#### [TRY IT]
Output the listing exactly, without its pictures.

#### [GIVEN MATERIAL]
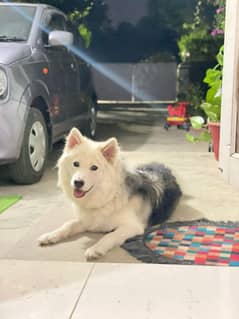 Husky Female
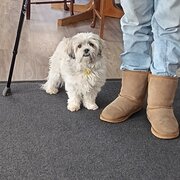 Home Owner wanting sitter in Ulverstone, Tasmania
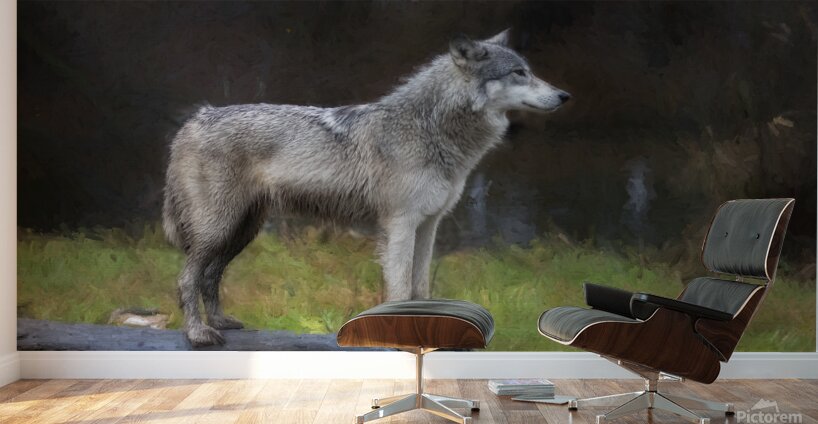 The wolf also known as the greygray wolf or timber wolf  Wall Murals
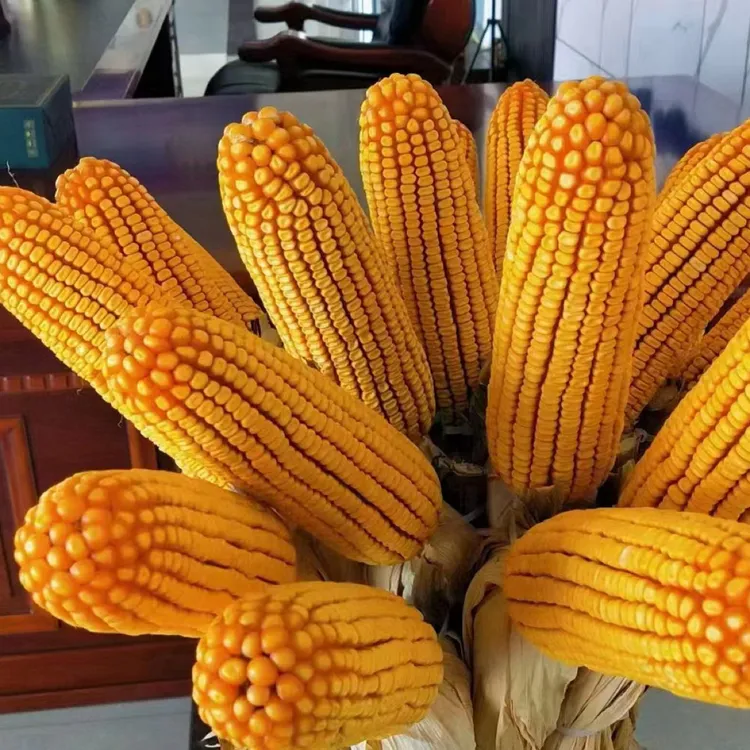 矮杆大粗棒老本105玉米种子不突尖不控杆国标正审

#### [ANSWER]
 Husky Female
 Home Owner wanting sitter in Ulverstone, Tasmania
 The wolf also known as the greygray wolf or timber wolf  Wall Murals
 矮杆大粗棒老本105玉米种子不突尖不控杆国标正审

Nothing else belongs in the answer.